** Supplied material follows **

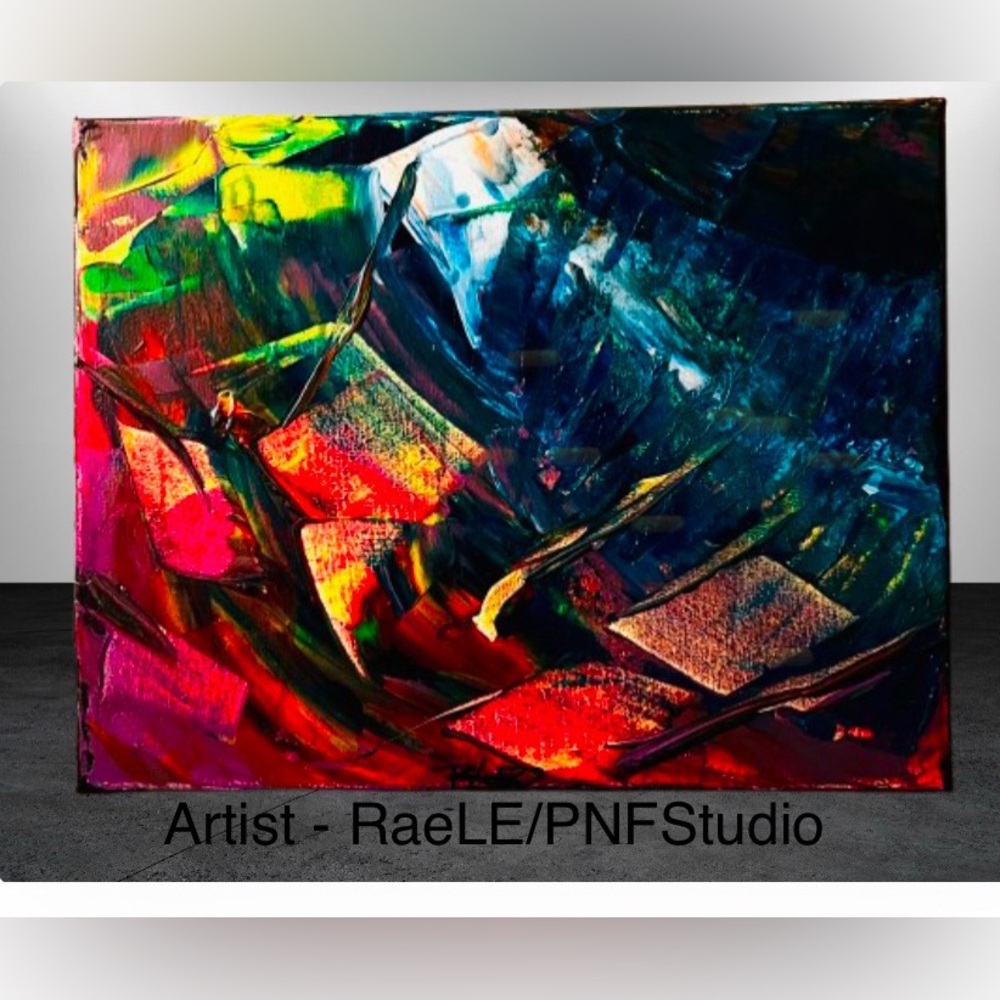 Title-Exit Stage Left The Price of His Fame
Multi Media Abstract, Sz11x14.Signed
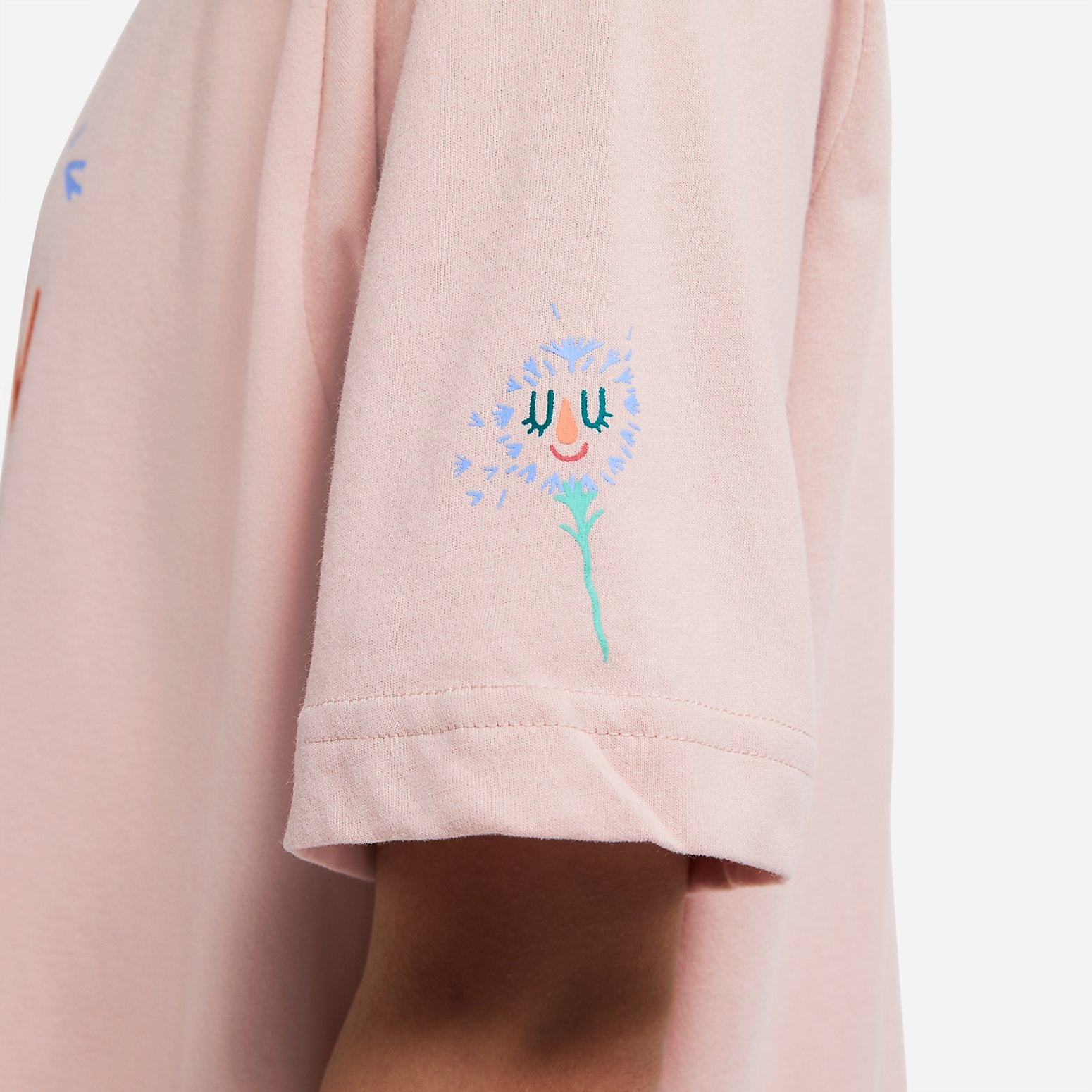 (WMNS) AS W NK DF B. GARDEN SS Tee PINK OXFORD DM7913-601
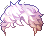 Black Rabble Rouser Hair, purple
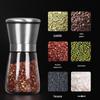 Baijie Manuell Pepparkvarnset i Rostfritt Stål & Glas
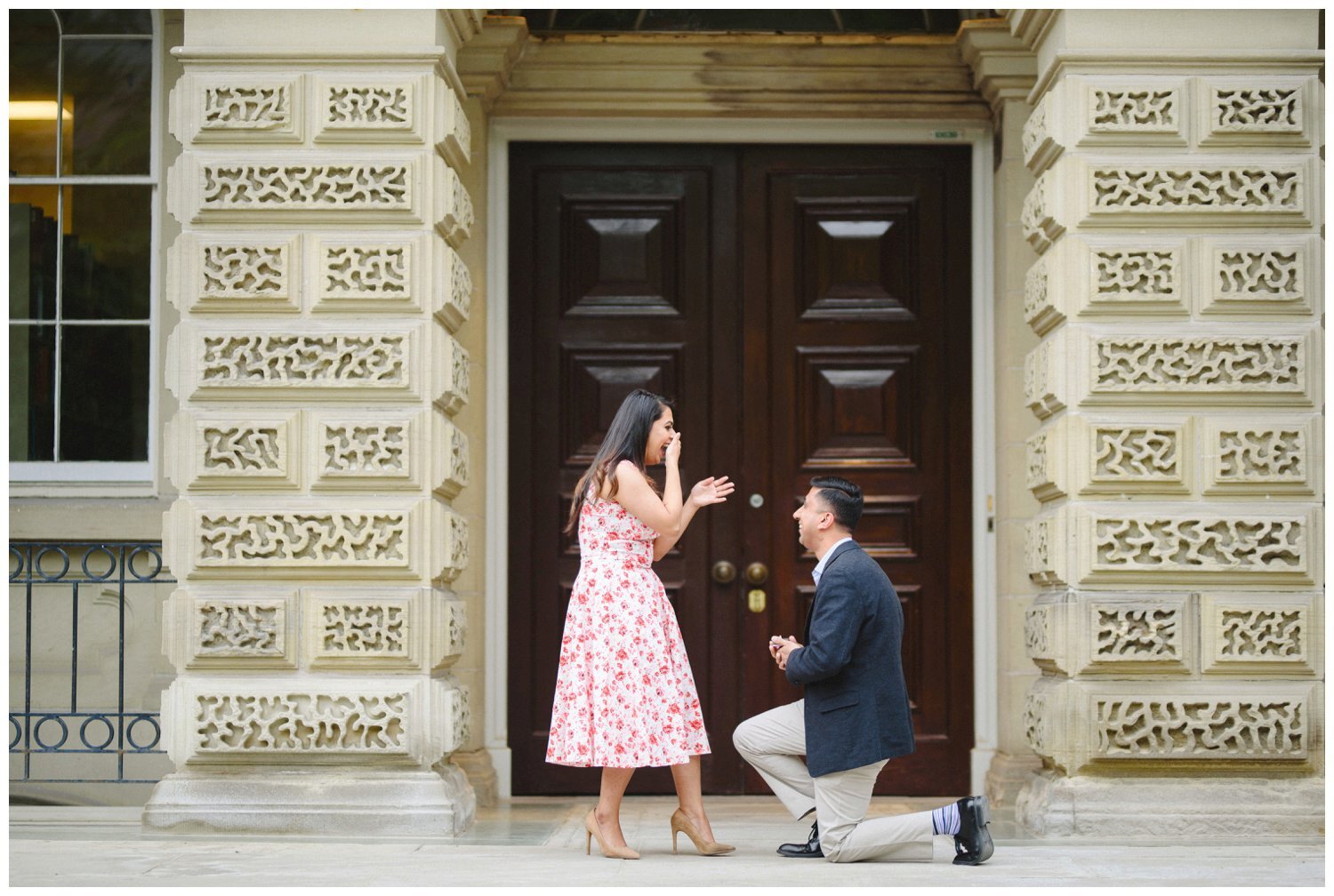 proposal at Osgoode Hall for their engagement photography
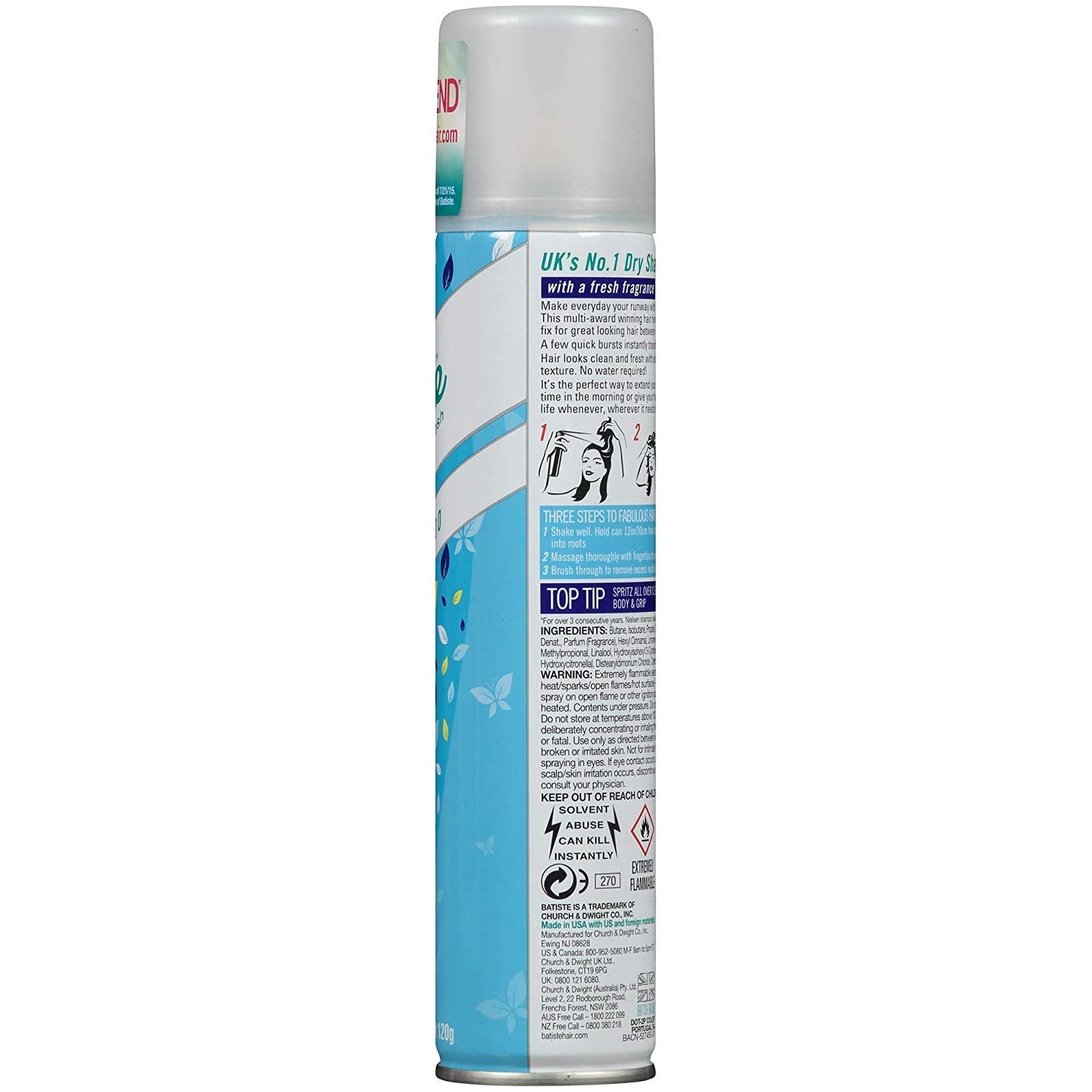 Batiste Dry Shampoo, Fresh, 6.73 Fluid Ounce by Batiste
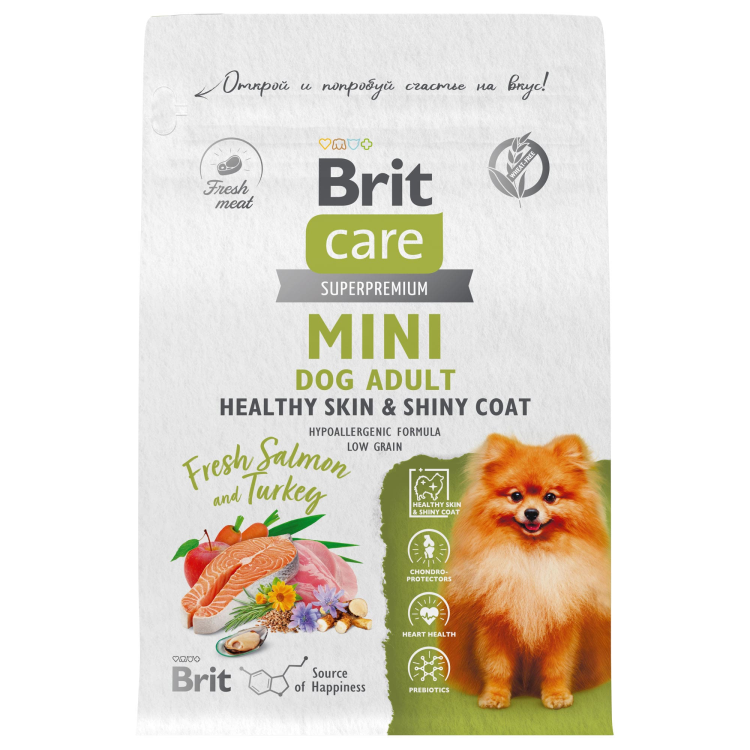 Brit Care (Брит кэа) Mini для собак мелких пород Индейка, лосось (Skin&Shiny Coat) Brit Care (Брит кэа) Mini для собак мелких пород Индейка, лосось (Skin&Shiny Coat)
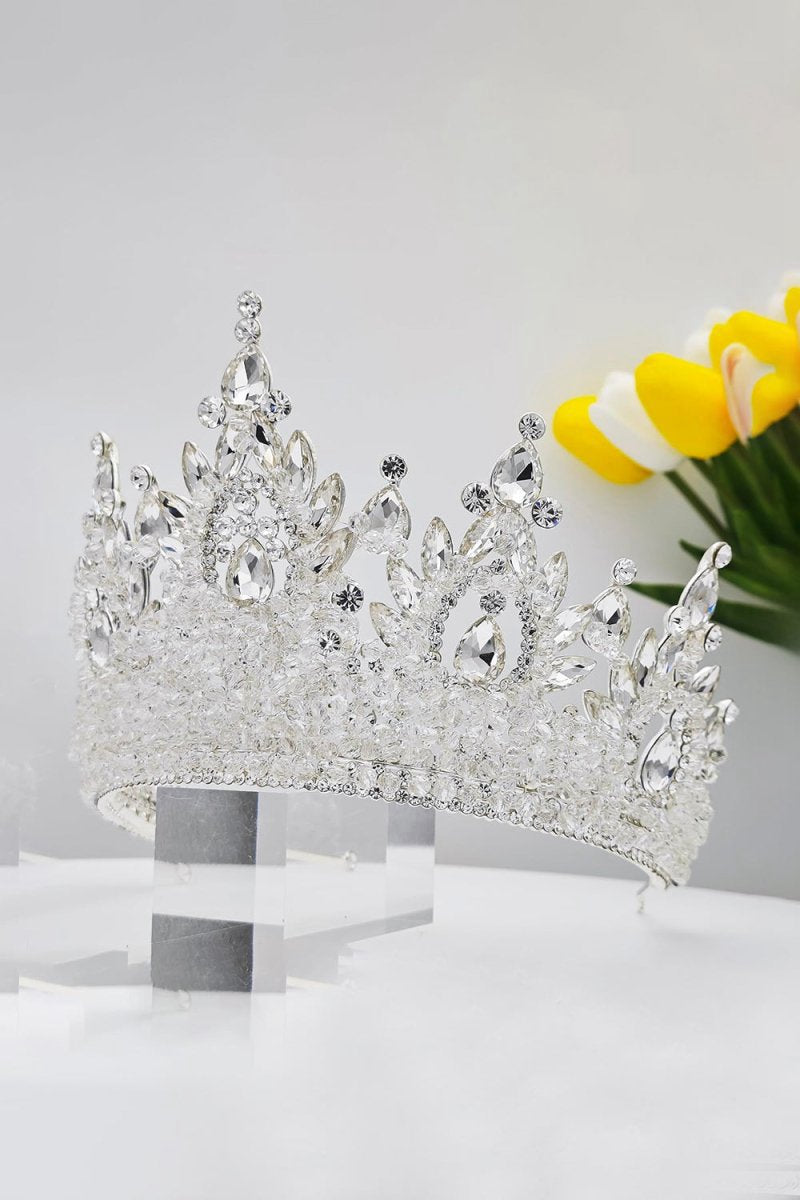 Pink Rhinestone Queen Tiara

** End of Supplied material **

→ What you have to do
Set the records down again word for word; the pictures stay out.

→ Result
 Title-Exit Stage Left The Price of His Fame
Multi Media Abstract, Sz11x14.Signed
 (WMNS) AS W NK DF B. GARDEN SS Tee PINK OXFORD DM7913-601
 Black Rabble Rouser Hair, purple
 Baijie Manuell Pepparkvarnset i Rostfritt Stål & Glas
 proposal at Osgoode Hall for their engagement photography
 Batiste Dry Shampoo, Fresh, 6.73 Fluid Ounce by Batiste
 Brit Care (Брит кэа) Mini для собак мелких пород Индейка, лосось (Skin&Shiny Coat) Brit Care (Брит кэа) Mini для собак мелких пород Индейка, лосось (Skin&Shiny Coat)
 Pink Rhinestone Queen Tiara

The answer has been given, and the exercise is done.